EP3315045A1

EP3315045A1 - Hair care device

Info

Publication number: EP3315045A1
Application number: EP16196375.6A
Authority: EP
Inventors: Nikolaj Zijroecha
Original assignee: Koninklijke Philips NV
Current assignee: Koninklijke Philips NV
Priority date: 2016-10-28
Filing date: 2016-10-28
Publication date: 2018-05-02
Also published as: RU2698169C1; CN109688866A; PL3531862T3; KR20190026951A; EP3531862A1; EP3531862B1; WO2018077708A1; ES2788374T3; EP3531862B8

Abstract

A hair care device (100) comprising an ion generator (500) for providing ions to hair, and a switching circuit (300) for switching on the ion generator later than a moment when the hair care device (100) has been switched on, e.g. when the hair has become sufficiently dry to become susceptible of static electricity and frizz related problems. The switching circuit (300) may receive an input from a sensor (S) for measuring a moisture level of the hair, a sensor (S) for measuring a temperature of the hair, and/or a timer for switching on the ion generator (500) after a predetermined period has lapsed.

Description

FIELD OF THE INVENTION

The invention relates to a hair care device having an ion generator.

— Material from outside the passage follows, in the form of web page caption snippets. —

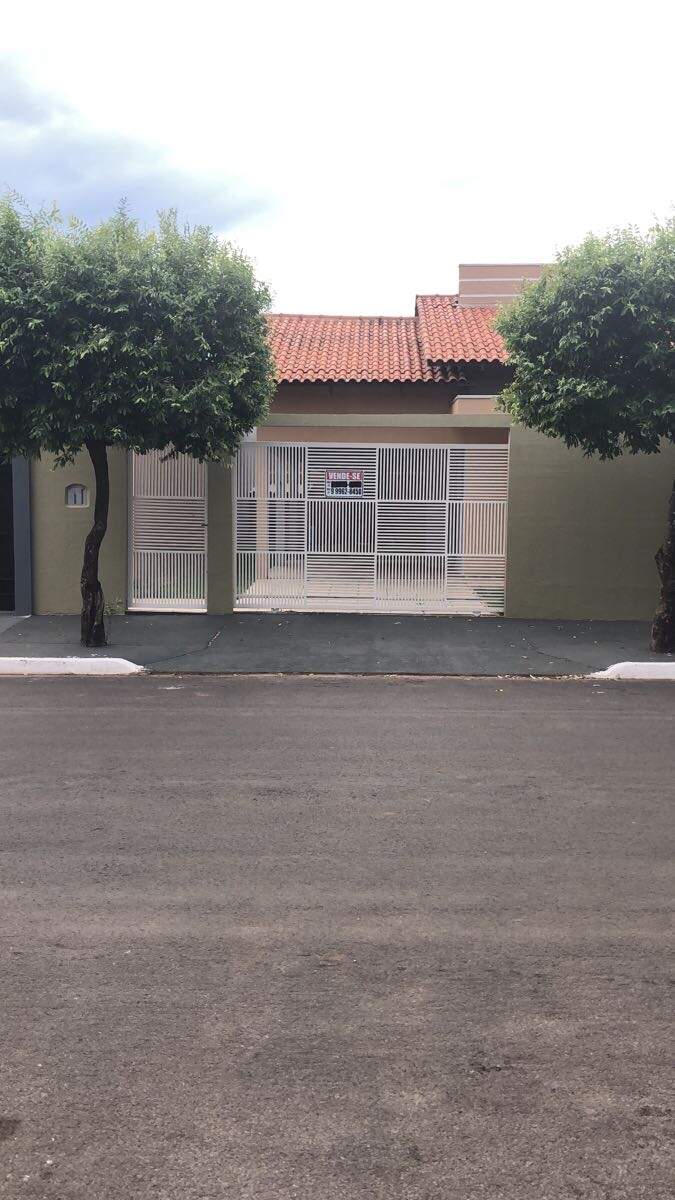 Casa à venda no Parque das Águias: 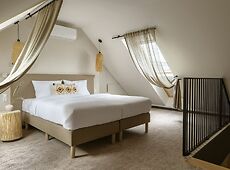 room.images[0].caption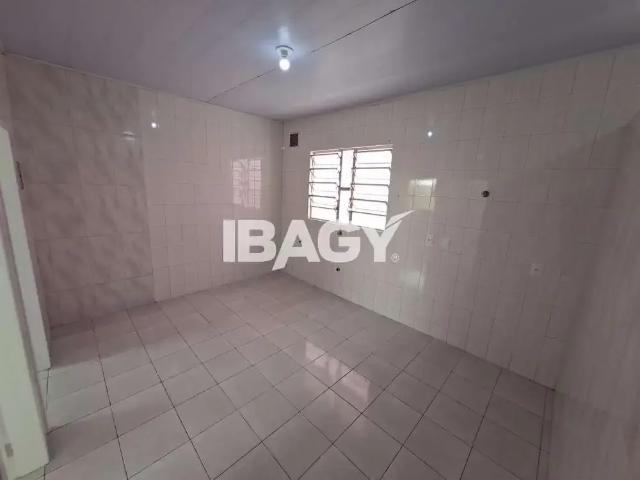 Casa / Sobrado para Locação em São José/SC Kobrasol 2 Quartos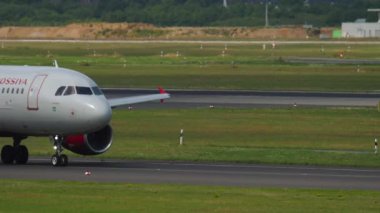 Airbus A319 Rossiya kalkıştan önce taksicilik yapıyor.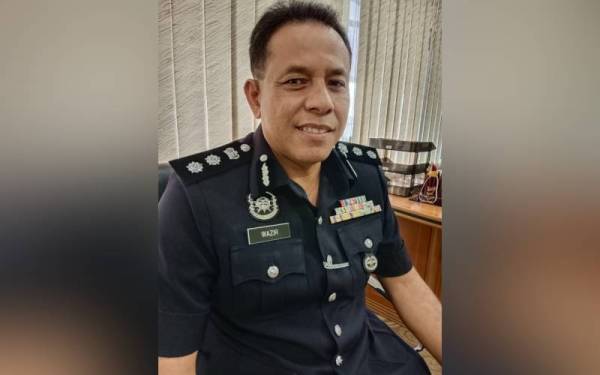 Asisten Komisioner Mohd Wazir Mohd Yusof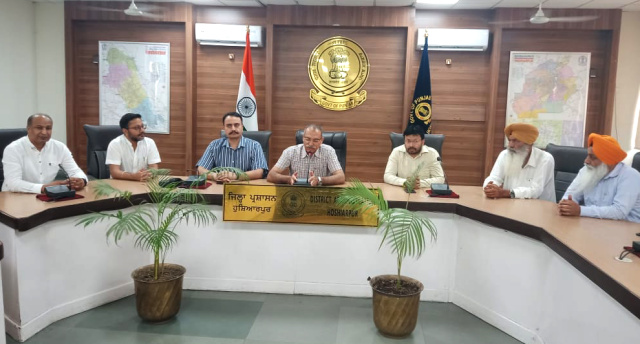 You are currently viewing ਪਿੰਡ ਸੂਸਾ ਵਿੱਚ ਹੋਣ ਵਾਲੇ ਮੇਲੇ ਦੇ ਸੁਚਾਰੂ ਪ੍ਰਬੰਧਾਂ ਲਈ ਜ਼ਿਲ੍ਹਾ ਪ੍ਰਸ਼ਾਸਨ ਵੱਲੋਂ ਤਿਆਰੀਆਂ ਮੁਕੰਮਲ : ਡਿਪਟੀ ਕਮਿਸ਼ਨਰ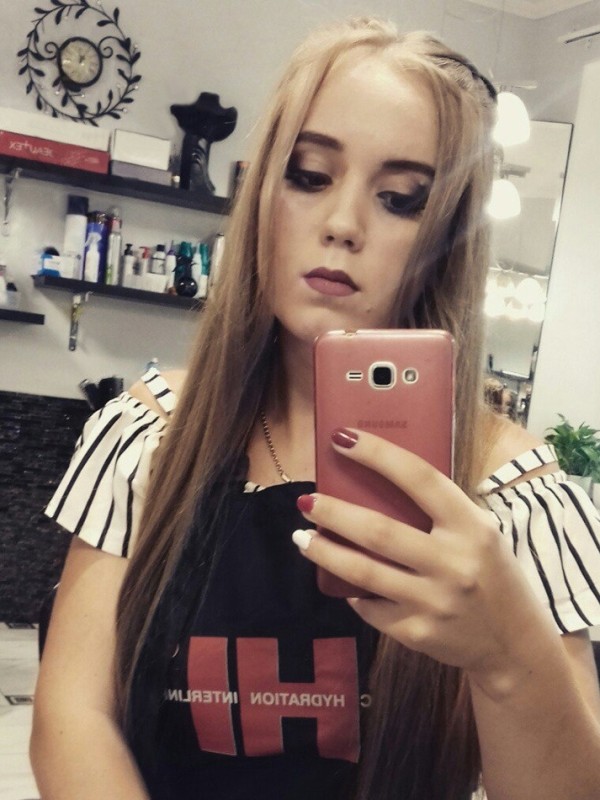 Светлана привлекательная девушка из Пикалево цена от 3000 руб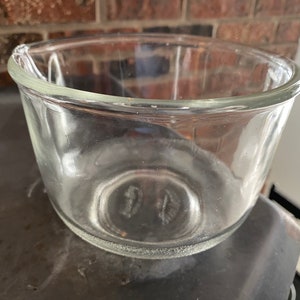 115969-001-000 - Sunbeam Stand Mixer Large 4 Quart Glass Mixing Bowl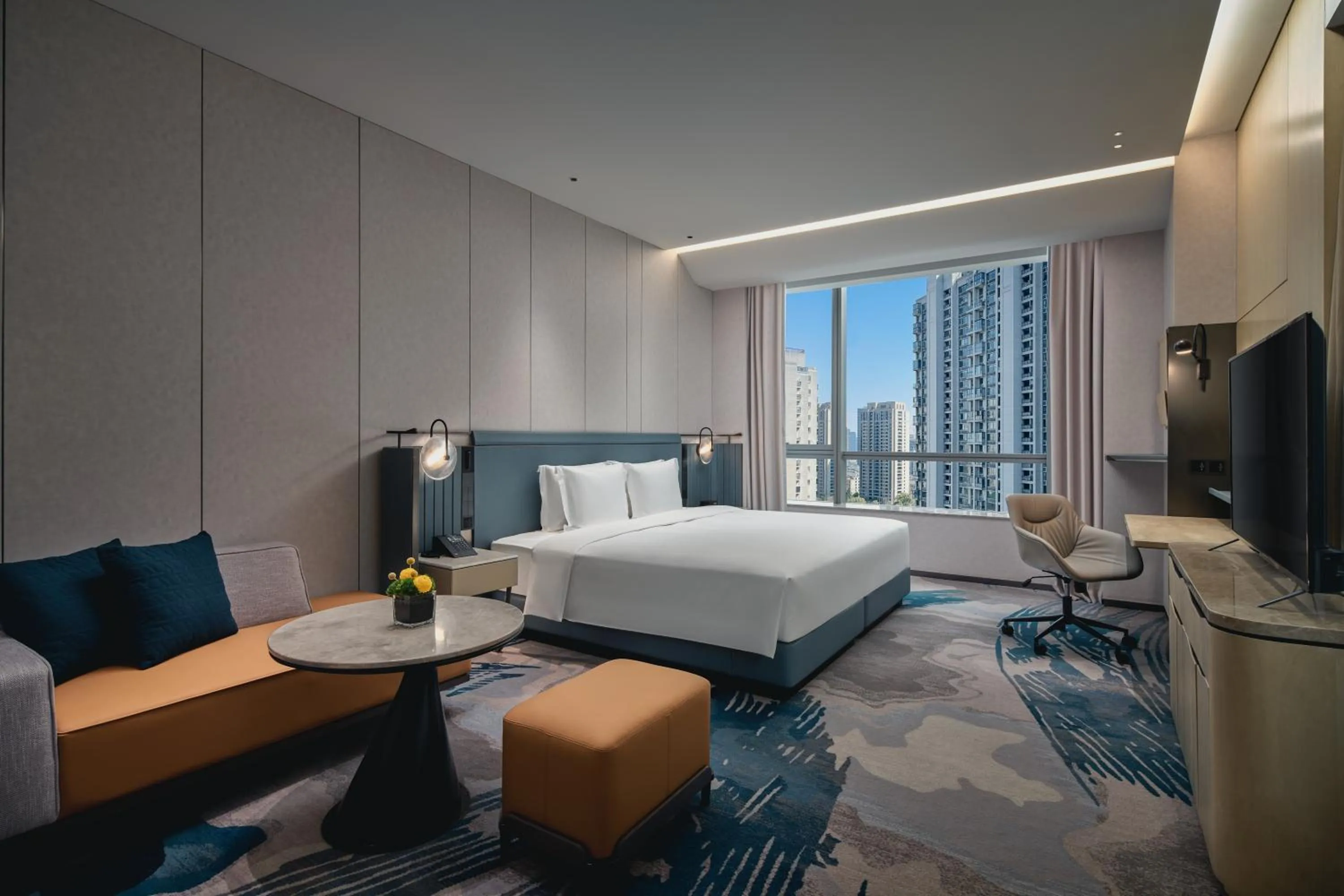 Bed in Crowne Plaza Hangzhou Riverside by IHG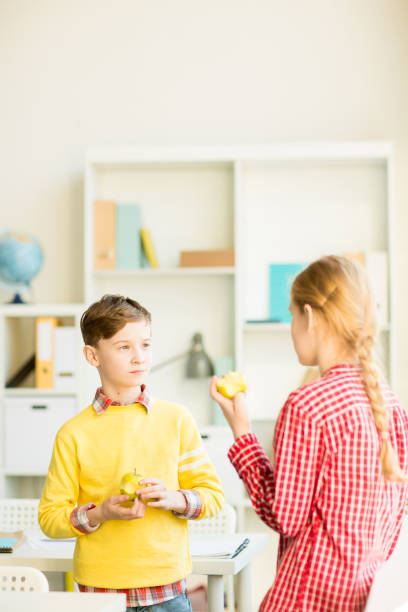 istock Lunch of schoolkids 963510624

BACKGROUND OF THE INVENTION

WO 2015/196194 discloses a hair styling apparatus having an ion generator adapted to direct a concentration of ions to the length of hair. The ionic discharge will impart a sleeker, smoother texture to the hair and reduces static electricity and frizz. The apparatus may be provided with a control means that allows a user to selectively activate or de-activate the ion generator so that it may or may not be used during operation of the apparatus. Intermittent use is also contemplated. This may be achieved, for example, by an actuator or button and appropriate logic or circuitry.

SUMMARY OF THE INVENTION

It is, inter alia, an object of the invention to provide a more economical hair care device. The invention is defined by the independent claim. Advantageous embodiments are defined in the dependent claims.
Embodiments of the invention provide a hair care device, comprising an ion generator for providing ions to hair, and a switching circuit for switching on the ion generator later than a moment when the hair care device has been switched on. As a result, it becomes possible to only generate ions once the hair is sufficiently dry to become susceptible of static electricity and frizz related problems. The switching circuit may be coupled to receive an input from a sensor for measuring a moisture level of the hair, a sensor for measuring a temperature of the hair, and/or a timer for switching on the ion generator after a predetermined period has lapsed. An advantage of the invention is that if the ion generator is only on when needed, its lifetime is longer. Or with the same lifetime, more economical components can be used. The hair care device may be a hair dryer, a styling device such as a hot iron, an air styler, or a brush.
The invention is based on the recognition that it is not necessary to provide ions when the hair is still wet, as with wet hair no static electricity and frizz related problems occur anyway. It thus makes sense to only provide ions when the hair is relatively dry, which can be measured by means of a moisture measurement, and/or by a temperature measurement, or without any such measurement by simply only switching on the ion generator after some time has elapsed.
The moisture sensor may use any of the following techniques: resistance, reflection, surface tension, hair weight, friction, raman spectroscopy, back-reflected IR spectrum, and capacitance. WO1999026512 discloses a hair dryer using remote sensing of the moisture content of the hair.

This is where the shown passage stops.